И как было не поверить, что за взаимными учтивостями и ликованием они и вовсе забудут Золотинку! Увы, мужиковатый старшина, как рачительный хозяин, твердо помнил, что у него на возу. И коли привез на торжище – вываливай! Некоторый час еще при сочувственном внимании круга он толковал про завещанные отцами и дедами вольности сечевиков и заключил, наконец, тем, что праотцы велели своим измельчавшим потомкам повесить Золотинку еще до захода солнца. Прикорнув на бочке, Золотинка едва перемогалась: в затылке ломило, она покусывала губы и потряхивала отяжелевшей головой, не удерживаясь порой и от стонов, – охрана подозрительно на нее косилась. И однако, несмотря на отупляющее томление в теле, душевный озноб и лихорадка не отпускали ее.

Старшина повернулся к ведьме.

– Девица, именующая себя принцессой Септой, – заговорил он с подъемом, – защищайся, если можешь. Войсковой круг поручил мне сказать тебе твои вины. А вины твои такие, что ты, стакнувшись с ведомой колдуньей Милицей, умышляла злокозненное ведовство против великого князя Юлия и всего правоверного войска.

– Можно отвечать? – спросила Золотинка, поморщившись.

– Нельзя! – сухо возразил старшина. Снова обратился он к кругу: – И каждый, кто свидетельствует, пусть свидетельствует, не беря греха на душу, по всей божьей правде, отеческим заветам и своей чести.

Старшина поклонился кругу на все четыре стороны. Всюду были суровые и раздумчивые лица. Круг молчал.

– Я свидетельствую! – воскликнул вдруг Новотор Шала к немалому удивлению Золотинки. Скоро обнаружилось, однако, что свидетельствует не сам толмач, а Юлий.

Княжич поманил слугу в желто-зеленом наряде и принял у него сумку. Там оказались увесистые кандалы, которые Юлий и бросил перед собой наземь.

– Вот! – продолжал Новотор от имени Юлия. – Какой-нибудь час назад эта штуковина влетела ко мне в окно и с маху стукнула в лоб. – Невнятный ропот раскатился в толпе: кто стоял ближе, мог видеть прикрытую разметавшейся прядью волос отметину на княжеском лбу – порядочную шишку и синяк. – Есть ли связь между возвращением бежавшей было принцессы и этим происшествием, я не знаю. Пусть она отвечает, если что имеет сказать.

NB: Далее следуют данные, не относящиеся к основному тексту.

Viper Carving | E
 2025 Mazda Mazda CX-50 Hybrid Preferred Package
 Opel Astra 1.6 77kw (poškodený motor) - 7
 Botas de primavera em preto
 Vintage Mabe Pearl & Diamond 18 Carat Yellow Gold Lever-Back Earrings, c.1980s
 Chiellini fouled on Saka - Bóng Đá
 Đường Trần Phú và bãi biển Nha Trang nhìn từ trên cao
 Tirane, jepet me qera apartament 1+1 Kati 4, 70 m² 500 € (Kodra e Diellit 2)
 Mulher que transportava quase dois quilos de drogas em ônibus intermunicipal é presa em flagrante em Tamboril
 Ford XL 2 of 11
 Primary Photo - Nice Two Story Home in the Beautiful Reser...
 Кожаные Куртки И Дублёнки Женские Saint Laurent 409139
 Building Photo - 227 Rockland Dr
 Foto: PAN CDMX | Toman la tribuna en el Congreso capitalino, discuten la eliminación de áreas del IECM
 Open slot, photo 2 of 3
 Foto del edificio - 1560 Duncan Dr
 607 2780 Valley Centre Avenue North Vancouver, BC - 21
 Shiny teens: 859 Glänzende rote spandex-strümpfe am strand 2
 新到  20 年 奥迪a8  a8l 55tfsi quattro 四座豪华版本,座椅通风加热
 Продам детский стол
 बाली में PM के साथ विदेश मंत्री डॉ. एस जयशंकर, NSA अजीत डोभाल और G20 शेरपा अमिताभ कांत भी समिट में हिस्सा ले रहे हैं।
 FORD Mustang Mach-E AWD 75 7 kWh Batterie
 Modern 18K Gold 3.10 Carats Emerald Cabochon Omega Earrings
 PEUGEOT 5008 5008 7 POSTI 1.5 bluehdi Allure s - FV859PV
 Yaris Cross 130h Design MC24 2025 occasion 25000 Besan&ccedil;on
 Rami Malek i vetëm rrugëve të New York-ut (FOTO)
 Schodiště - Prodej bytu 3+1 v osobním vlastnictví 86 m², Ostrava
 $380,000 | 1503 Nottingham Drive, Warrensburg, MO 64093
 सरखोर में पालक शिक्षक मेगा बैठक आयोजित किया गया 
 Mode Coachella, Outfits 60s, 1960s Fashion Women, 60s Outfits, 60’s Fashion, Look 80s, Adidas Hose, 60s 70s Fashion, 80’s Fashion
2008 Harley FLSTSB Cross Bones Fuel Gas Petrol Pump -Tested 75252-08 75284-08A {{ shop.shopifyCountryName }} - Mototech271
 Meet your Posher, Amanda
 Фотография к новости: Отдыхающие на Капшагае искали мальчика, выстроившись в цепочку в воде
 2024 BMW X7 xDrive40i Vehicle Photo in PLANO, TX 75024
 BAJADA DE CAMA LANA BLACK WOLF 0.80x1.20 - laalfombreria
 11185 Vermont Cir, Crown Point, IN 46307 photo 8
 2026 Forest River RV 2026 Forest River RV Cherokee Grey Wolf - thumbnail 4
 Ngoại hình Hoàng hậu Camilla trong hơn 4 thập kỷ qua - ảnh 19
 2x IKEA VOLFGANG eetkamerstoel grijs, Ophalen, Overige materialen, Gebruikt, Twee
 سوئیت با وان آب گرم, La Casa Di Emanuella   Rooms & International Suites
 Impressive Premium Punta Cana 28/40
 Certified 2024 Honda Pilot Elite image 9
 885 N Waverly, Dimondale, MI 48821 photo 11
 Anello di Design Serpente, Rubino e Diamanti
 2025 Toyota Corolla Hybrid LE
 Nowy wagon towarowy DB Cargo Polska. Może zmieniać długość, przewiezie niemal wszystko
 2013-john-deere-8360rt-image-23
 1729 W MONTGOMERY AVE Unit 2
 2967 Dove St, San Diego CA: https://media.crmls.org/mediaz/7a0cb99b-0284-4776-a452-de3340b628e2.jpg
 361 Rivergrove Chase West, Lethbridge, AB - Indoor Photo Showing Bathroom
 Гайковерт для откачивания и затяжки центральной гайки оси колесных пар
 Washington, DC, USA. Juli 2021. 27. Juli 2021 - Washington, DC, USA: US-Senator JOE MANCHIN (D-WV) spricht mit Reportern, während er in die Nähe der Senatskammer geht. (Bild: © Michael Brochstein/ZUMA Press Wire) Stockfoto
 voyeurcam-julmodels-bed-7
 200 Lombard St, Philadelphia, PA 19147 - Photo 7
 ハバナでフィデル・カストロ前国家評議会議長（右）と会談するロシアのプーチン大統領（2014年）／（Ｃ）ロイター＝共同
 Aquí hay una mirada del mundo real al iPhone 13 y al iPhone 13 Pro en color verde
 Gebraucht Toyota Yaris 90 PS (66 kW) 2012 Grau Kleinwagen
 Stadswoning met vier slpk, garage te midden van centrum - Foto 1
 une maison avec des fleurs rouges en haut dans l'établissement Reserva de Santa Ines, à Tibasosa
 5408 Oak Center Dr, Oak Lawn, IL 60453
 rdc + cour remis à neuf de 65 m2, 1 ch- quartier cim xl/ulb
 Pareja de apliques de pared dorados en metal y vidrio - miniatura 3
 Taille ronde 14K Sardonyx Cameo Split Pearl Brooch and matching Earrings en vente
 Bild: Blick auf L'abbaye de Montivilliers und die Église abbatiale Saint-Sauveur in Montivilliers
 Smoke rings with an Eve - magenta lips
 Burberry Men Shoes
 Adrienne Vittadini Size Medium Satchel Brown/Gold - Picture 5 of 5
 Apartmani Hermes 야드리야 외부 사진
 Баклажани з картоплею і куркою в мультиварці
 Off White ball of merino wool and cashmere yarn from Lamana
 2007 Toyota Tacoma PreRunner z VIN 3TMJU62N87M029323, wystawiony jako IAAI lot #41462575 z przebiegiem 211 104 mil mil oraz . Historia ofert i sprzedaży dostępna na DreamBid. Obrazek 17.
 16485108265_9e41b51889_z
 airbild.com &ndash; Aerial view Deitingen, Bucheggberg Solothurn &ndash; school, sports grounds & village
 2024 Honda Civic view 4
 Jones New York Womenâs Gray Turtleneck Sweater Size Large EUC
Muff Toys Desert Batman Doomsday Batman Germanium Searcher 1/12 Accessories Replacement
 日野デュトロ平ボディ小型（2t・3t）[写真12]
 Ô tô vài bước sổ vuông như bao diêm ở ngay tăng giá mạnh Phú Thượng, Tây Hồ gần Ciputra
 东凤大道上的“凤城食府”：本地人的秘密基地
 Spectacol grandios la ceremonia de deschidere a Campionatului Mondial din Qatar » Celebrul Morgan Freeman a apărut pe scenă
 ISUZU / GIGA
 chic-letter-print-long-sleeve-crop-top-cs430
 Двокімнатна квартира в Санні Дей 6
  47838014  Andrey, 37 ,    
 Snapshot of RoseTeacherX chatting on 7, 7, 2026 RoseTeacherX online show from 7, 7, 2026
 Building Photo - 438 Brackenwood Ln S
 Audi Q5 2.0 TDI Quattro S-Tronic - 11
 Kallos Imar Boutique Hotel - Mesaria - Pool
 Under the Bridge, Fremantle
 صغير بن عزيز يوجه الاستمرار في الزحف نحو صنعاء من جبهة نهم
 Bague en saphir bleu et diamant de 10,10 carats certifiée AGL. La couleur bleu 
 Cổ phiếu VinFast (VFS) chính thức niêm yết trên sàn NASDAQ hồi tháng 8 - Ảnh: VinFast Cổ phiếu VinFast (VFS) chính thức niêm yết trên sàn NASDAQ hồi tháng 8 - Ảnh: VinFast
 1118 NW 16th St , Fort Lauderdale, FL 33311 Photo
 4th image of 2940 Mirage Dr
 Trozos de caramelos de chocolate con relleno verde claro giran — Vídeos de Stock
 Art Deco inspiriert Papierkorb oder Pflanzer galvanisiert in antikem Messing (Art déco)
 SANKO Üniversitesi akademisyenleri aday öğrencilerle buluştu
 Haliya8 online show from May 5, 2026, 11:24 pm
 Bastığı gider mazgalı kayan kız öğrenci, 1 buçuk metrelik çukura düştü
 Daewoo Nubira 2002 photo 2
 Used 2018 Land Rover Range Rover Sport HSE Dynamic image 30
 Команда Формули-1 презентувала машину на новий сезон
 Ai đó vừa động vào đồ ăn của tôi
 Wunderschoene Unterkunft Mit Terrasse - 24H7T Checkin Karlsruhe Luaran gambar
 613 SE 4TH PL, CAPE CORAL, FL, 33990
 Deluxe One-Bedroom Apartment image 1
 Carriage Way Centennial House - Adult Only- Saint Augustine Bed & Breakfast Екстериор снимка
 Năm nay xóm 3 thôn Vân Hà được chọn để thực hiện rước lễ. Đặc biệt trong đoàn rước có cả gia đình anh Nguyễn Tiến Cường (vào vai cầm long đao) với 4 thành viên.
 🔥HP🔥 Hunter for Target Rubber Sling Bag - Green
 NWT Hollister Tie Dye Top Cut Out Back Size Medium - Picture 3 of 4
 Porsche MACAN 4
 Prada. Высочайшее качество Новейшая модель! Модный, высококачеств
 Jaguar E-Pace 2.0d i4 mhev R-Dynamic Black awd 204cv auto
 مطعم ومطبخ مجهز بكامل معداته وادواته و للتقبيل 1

А цепь слегка погромыхивала, подергивалась, как живая, и приподнималась. Сминая границы круга, люди тянулись смотреть, старшина мешкал, не решаясь поднять зловещий предмет, чтобы показать его народу. Вдруг Золотинка сообразила, что это, и невольно хмыкнула: закованный в кандалы хотенчик! Вот кто прочувственно припечатал княжича по лбу – с приветом от Золотинки! Видно, Юлий перехватил хотенчика, а тот, побывав у него в руках, начал вырываться… И княжичу ничего лучшего на ум не взошло, как посадить свое собственное желание на цепь!

Призвав на помощь товарищей, с немалыми предосторожностями старшина поднял рогульку над собой, придерживая и цепь. Люди притихли. А те три молодца, что сторожили ведьму, не сводили с нее глаз: не укрылись от них ее волнение, смешок и смущение. Повернулся к ней старшина: что скажет на это принцесса Септа? Посмеет ли она утверждать, что не имеет никакого отношения к чародейному нападению на великого государя Юлия?